Visionworks : Test about energy efficiency and performance

Hi, I’m new in visionworks. and I’m studying some advantange of visionworks compare to the other image process library, like opencv or cuda(in low-level perspective)

when our lab test visionworks in perspective power usage, it didn’t show to us better power efficiency compare to the opencv gpu module,

and in the image processing it show good performance only one case about canny edge function usage.

after that time, we knew that compare only one function performance is useless, because, we thought that the visionworks’s high performance is related to some stream processing and their graph structure.

today, when I test stream process, it show some performance difference between opencv gpu module.
we did normal canny edge filtering test like

  1. convert color to gray
  2. blurring image(we use box filter, because visionworks didn’t have bilateral filter and opencv 2.XX didn’t have gpu version of median filter)
  3. canny edge detection

In this test result,visionworks performance is better than opencv, but I don’t know how this result happened.

so my question is…

  1. why the visionworks didn’t show high enery efficiency compare to the opencv when we test this in image processing?

  2. why the visionworks streaming process(video process) is better performance than opencv?
    (In my case in the 2K video, actual computation time is 3 times better than opencv )

  3. is there any problem in my opencv code? and do this code problem make that performance difference?

#include "opencv2/opencv.hpp"
#include <iostream>
#include "opencv2/gpu/gpu.hpp"
using namespace cv;
using namespace std;
int main(int, char**)
    VideoCapture cap("NORWAY 2K.mp4"); // open video
    if(!cap.isOpened())  // check if we succeeded
        return -1;
    double fps = cap.get(CV_CAP_PROP_FPS);
    // For OpenCV 3, you can also use the following
    // double fps = video.get(CAP_PROP_FPS);
    cout << "Frames per second using video.get(CV_CAP_PROP_FPS) : " << fps << endl;
	Mat frame;
	gpu::GpuMat src;
	Size ksize;
	ksize.width =3;
	ksize.height =3;
	cv::gpu::GpuMat gray;
	cv::gpu::GpuMat blurred;
	cv::gpu::GpuMat edges;
	const int64 startWhole = getTickCount();	

        cap >> frame; // get a new frame from camera

        cv::gpu::cvtColor(src, gray, CV_BGR2GRAY);

        gpu::boxFilter(gray, blurred, -1,ksize);
        gpu::Canny(blurred, edges, 120, 240, 3, false);	
	Mat edges_host;;
	double timeSec = (getTickCount() - startWhole) / getTickFrequency();
	std::cout << "Whole Time : " << timeSec << " sec" << std::endl;
         imshow("edges", edges_host);

        if(waitKey(30) >= 0) break;
    return 0;
  1. I think that opencv gpu module is represented the common CUDA kernel process. so, Can I assume that the visionworks’s advantage in my today test is special characteristic of visionworks compare to the normal CUDA kernel process or Is that just weakness of opencv library? Is My Assumption right?


Thanks for your question.

Do you use opencv4tegra? And could you share the power data you measured for us checking?

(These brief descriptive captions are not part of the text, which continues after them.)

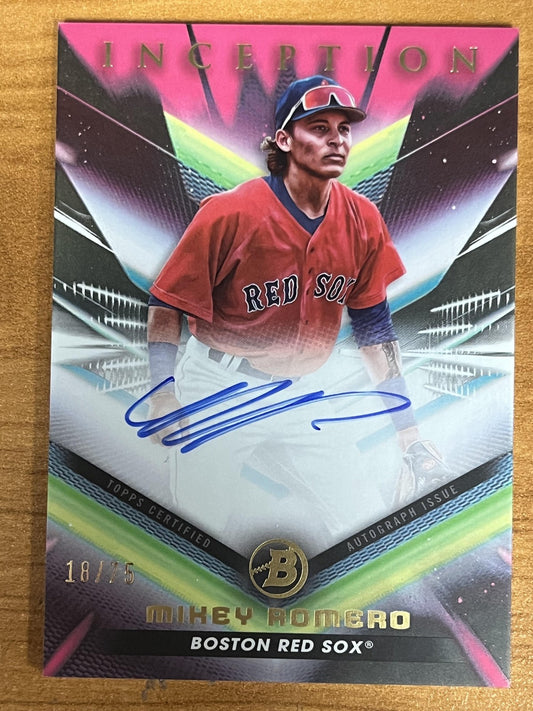 2023 Bowman Inception Auto Fuchsia Foil – /75 #BPA-MR Mikey Romero Red Sox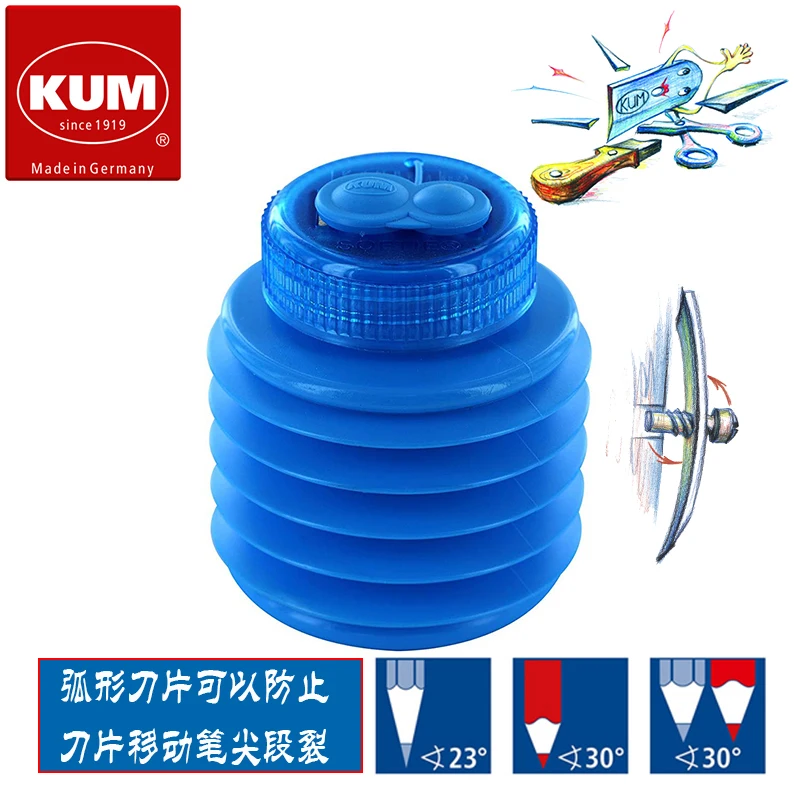 Apontador de Lápis Recipiente com Capa Alemanha Pop Buraco Duplo Magnésio Metal Portátil Retrátil Vermelho Azul Verde 1pc Kum 442 m2 5 com capa portátil retrátil vermelho azul verde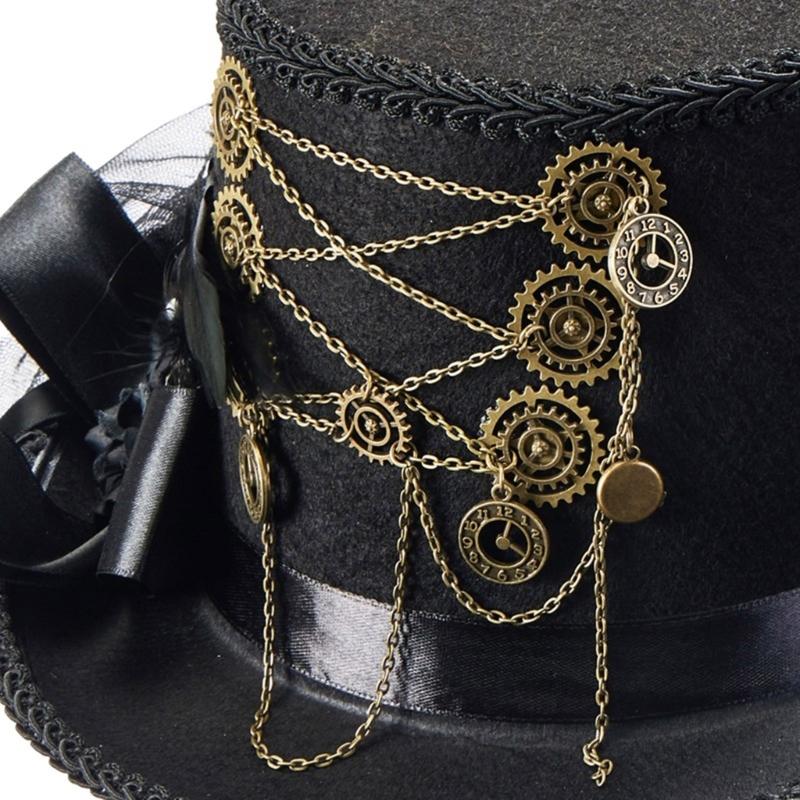 Gear Chain Fedoras Hat Halloween Girl Head Wear Medieval Steampunk Flat Top Hat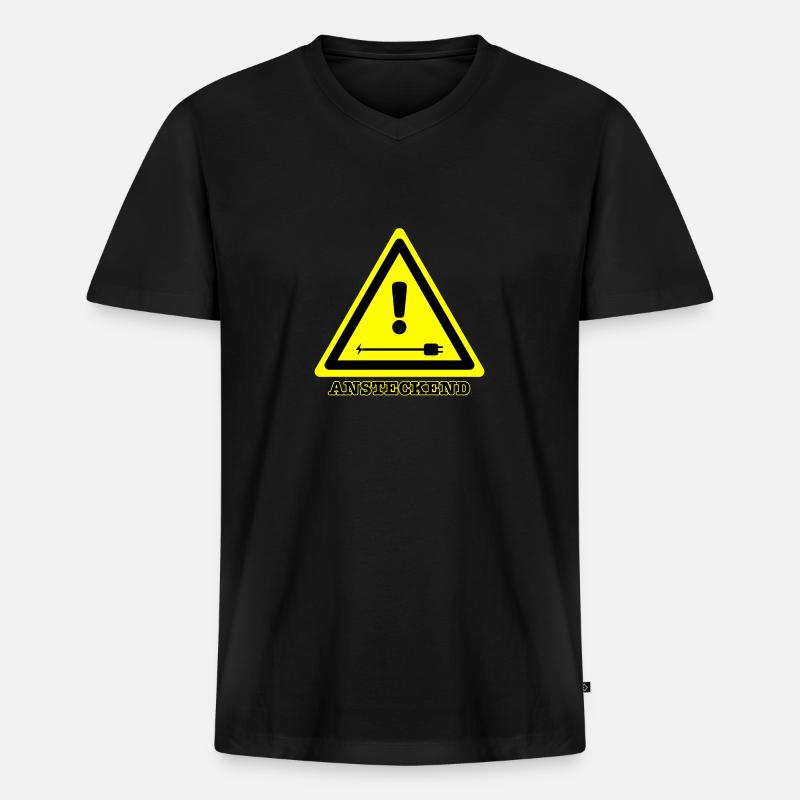 Ansteckend joke (DE) - Männer Premium Bio T-Shirt mit V-Ausschnitt - Schwarz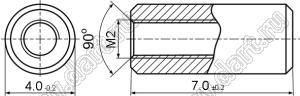 PCSS2-07SS стойка резьбовая цилиндрическая; сквозная резьба; M2; L=7,0мм; D=4,0мм; сталь нержавеющая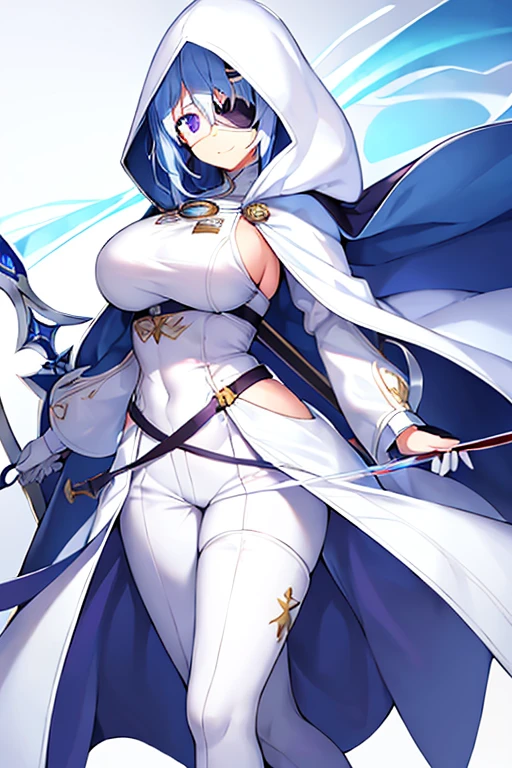 1girl, large breasts, light blue hair, purple eyes, one eye covered, eyepatch, ((eyepatch)), medium hair, smile, light smile, cloak, white cloak, white hood, white cape, cape, belt, white pants, white clothes, hood up, pants, ((pants)), hourglass figure, bow /(weapon/)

The main advantage of Visionworks is that besides computation, we also optimize data transfer.

For example,

cap >> frame; // get a new frame from camera

This procedure lower the performance since the flow is: frame -> cpu -> gpu
In visionworks, we read frame directly into gpu-accessible memory, that is: frame -> gpu

This video can give you some hint:

Thank you AastalLL,
After I received your response, I modify my code and I realize some mistake about when I test visionworks image processing. So, I think I should test again about image process and video processing.

Before I upload the power data, I’m curious about how visionworks can be directly into gpu,

I think visionworks use CUDA unified memory for this, is it right?
then if I make visionworks user kernel, Can I make user kernel by cuda code?


Thanks for your feedback.

Actually, visionworks is a wrapper for some low-level camera framework, ex. v4l2, gstreamer…
In tegra, CPU and GPU share the same memory.
Usually, camera framework allocate a DMA buffer and then register this buffer via EGL to make it GPU accessible.